The setup in the following:
It’s a single-host setup. This is for small-scale scenarios.
1 Gpbs, no LACP, no nothing
RAID 1, no HBA, no nothing
no vLANs, no vSwitch, no nothing
…
you get the point: small-scale
no VM at-rest encryption (on Hypervisor-management level because libvirt has a useless secrets handling process)
you can use luks in qcow2 images, but you need to store the key in cleartext
of course you can use Full-Disk Encryption on the guests
ToC
- 1 Compartmentalize the HW host into many virtual guests
- 1.1 Dedicated Server
- 2 Headless setup (remote): libvirt daemon
- 2.1 Dedicated server: KSM (Kernel Same-page Merging)
- 2.2 tuned - the right settings for the kernel, at the right time
- 2.3 Debian 12 has Transparent Huge Pages support
- 2.4 Firewall - iptables for IPv4 and IPv6
- 2.5 Guest IP enumeration
- 2.5.1 Dnsmasq leases
- 2.5.2 Bash and virsh
- 2.6 How to NAT out a KVM guest via iptables
- 2.7 Using vhost-net and bbr with KVM qemu guests for better speeds (1 Gbps)
- 3 Windows 11 guests, and Ubuntu Server
- 4 Summary
Compartmentalize the HW host into many virtual guests
In the following, I will only write about the interesting stuff.
Simple is better. NAT mode,
You can map guests out directly with a Zero Trust SASE architecture:
Or you use iptables for NATing, if you need higher throughput / reliability. I use both. This is a small-scale setup without an LB / big CDN cache etc.
Dedicated Server
Hetzner Serverbörse 50 bucks, 8 TB cloud storage + computation is dirt cheap in 2024.
HW | Spec | Purpose |
---|---|---|
CPU | i7 8700 | 12 cores for small-scale VMs |
RAM | 128 GB | split between VMs |
Disk | 8 TB RAID 1 | 2 TB - base OSes 6 TB - data |
Net | IPv4 IPv6 | routeable IPs NAT internal net to external IP:Port |
Headless setup (remote): libvirt daemon
Install: SSH connect to the HW server (Debian 12 Bookworm):
apt install --no-install-recommends qemu-system libvirt-clients libvirt-daemon-system
apt install qemu-block-extra qemu-utils # qcow2 format support, block optional
apt install ovmf # UEFI
apt install swtpm-tools swtpm-utils # tpm 2.0
apt install dnsmasq # default network 192.168/24, NAT via IPtables
systemctl disable dnsmasq # libvirt only needs the util, not the service
# optionally
apt install irqbalance
apt install haveged
# apt install numad # on different HW
apt install apparmor-profiles
TPM emulation is for Windows 11.
TPM (2.0) is not a security feature. It’s a way to ensure that corporate systems with Full-Disk Encryption can be administered by IT. TPMs may have a reasonable secure at-rest encryption. But no in-transit encryption.
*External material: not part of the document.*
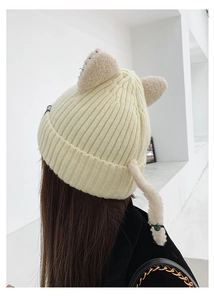 Rear view of cream white knitted beanie with cute cat ears and small tail detail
Given that the TPM transmits the Bitlocker Key in clear-text (via the service here, or via the Bus on HW systems), it undermines the security of Bitlocker. Use a different encryption, for example LVM on the host with dmcrypt LUKS (without TPM) or an encrypted qcow2 file backend.
Dedicated server: KSM (Kernel Same-page Merging)
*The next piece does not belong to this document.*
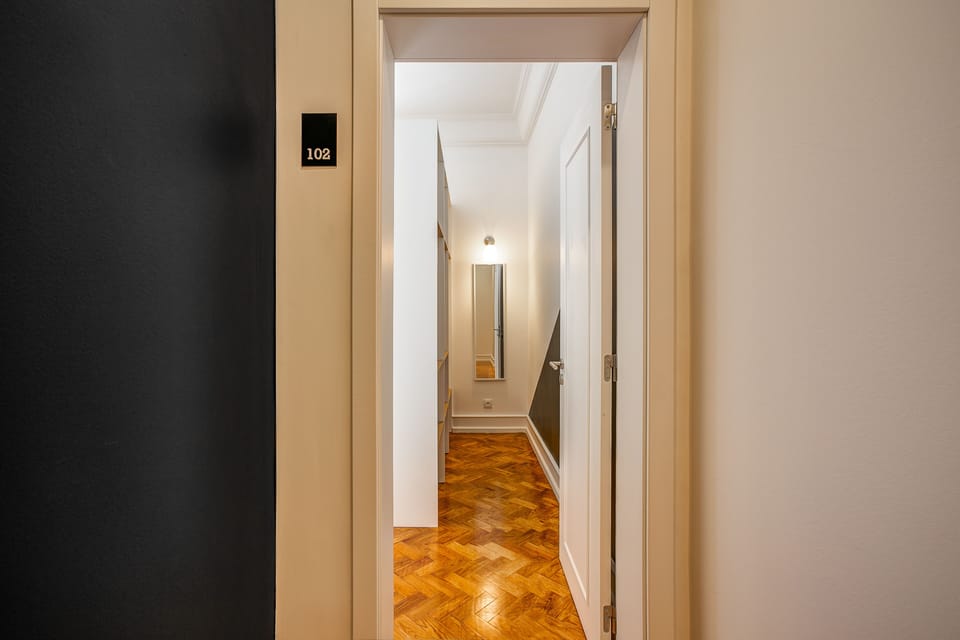 Deluxe Suite, Private Bathroom | Desk, laptop workspace, blackout drapes, iron/ironing board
Kernel Same-page Merge (KSM) is a process that allows guests to share identical memory pages. By sharing pages, the combined memory usage of the guest is reduced. The savings are especially increased when multiple guests are running similar base operating system images.
(Source)
Many Linux distributions do not enable KSM by default, even if you compile the kernel feature. The ksmtuned
daemon can dynamically adjust the frequency of the deduplication algorithms.
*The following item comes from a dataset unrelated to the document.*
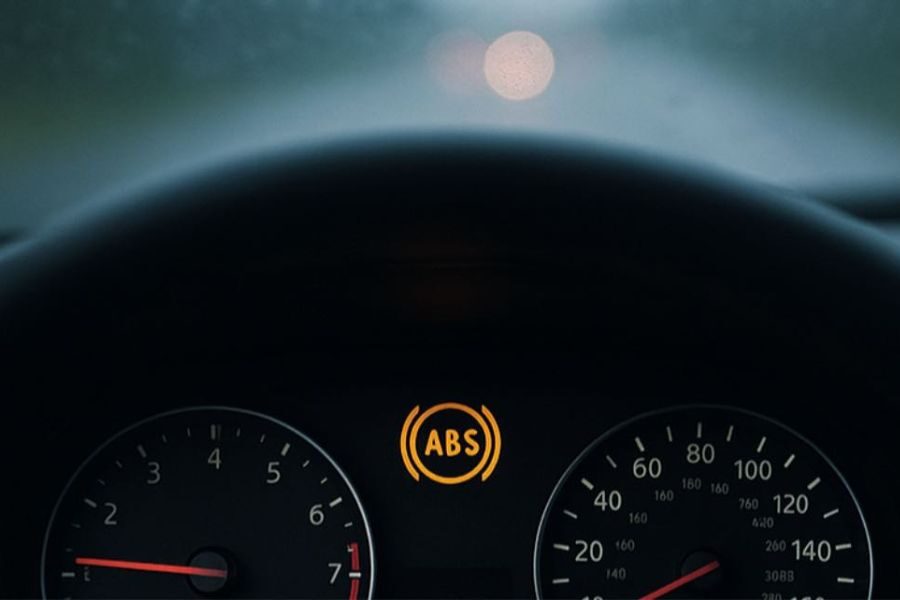 Car dashboard showing illuminated ABS warning light between speedometer and tachometer.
sudo apt-get install ksmtuned --no-install-recommends
Or manually (older example, from around 2015):
root@mjo:/home/marius/scripts# grep -H '' /sys/kernel/mm/ksm/pages_*
/sys/kernel/mm/ksm/pages_shared:0
/sys/kernel/mm/ksm/pages_sharing:0
/sys/kernel/mm/ksm/pages_to_scan:100
/sys/kernel/mm/ksm/pages_unshared:0
/sys/kernel/mm/ksm/pages_volatile:0
root@mjo:/home/marius/scripts# cat /sys/kernel/mm/ksm/run
0
root@mjo:/home/marius/scripts# echo 1 > /sys/kernel/mm/ksm/run
root@mjo:/home/marius/scripts# grep -H '' /sys/kernel/mm/ksm/pages_*
/sys/kernel/mm/ksm/pages_shared:0
/sys/kernel/mm/ksm/pages_sharing:0
/sys/kernel/mm/ksm/pages_to_scan:100
/sys/kernel/mm/ksm/pages_unshared:0
/sys/kernel/mm/ksm/pages_volatile:15900
What exactly the kernel will do with my 15900 volatile pages depends on the kernel version. If you set it this, the value will grow first, and then at some point residual pages can be shared. Here are more details about this.
pages_shared: The number of unswappable kernel pages that KSM is using
pages_sharing: An indication of memory savings
pages_unshared: The number of unique pages repeatedly checked for merging
pages_volatile: The number of pages that are changing too often
The bottom line is: KSM can share pages between guests, which do not change frequently. So if you check 15 minutes later, it may look like this:
Feb 13, 2024
KSM is efficient, especially if you base your VMs on templates.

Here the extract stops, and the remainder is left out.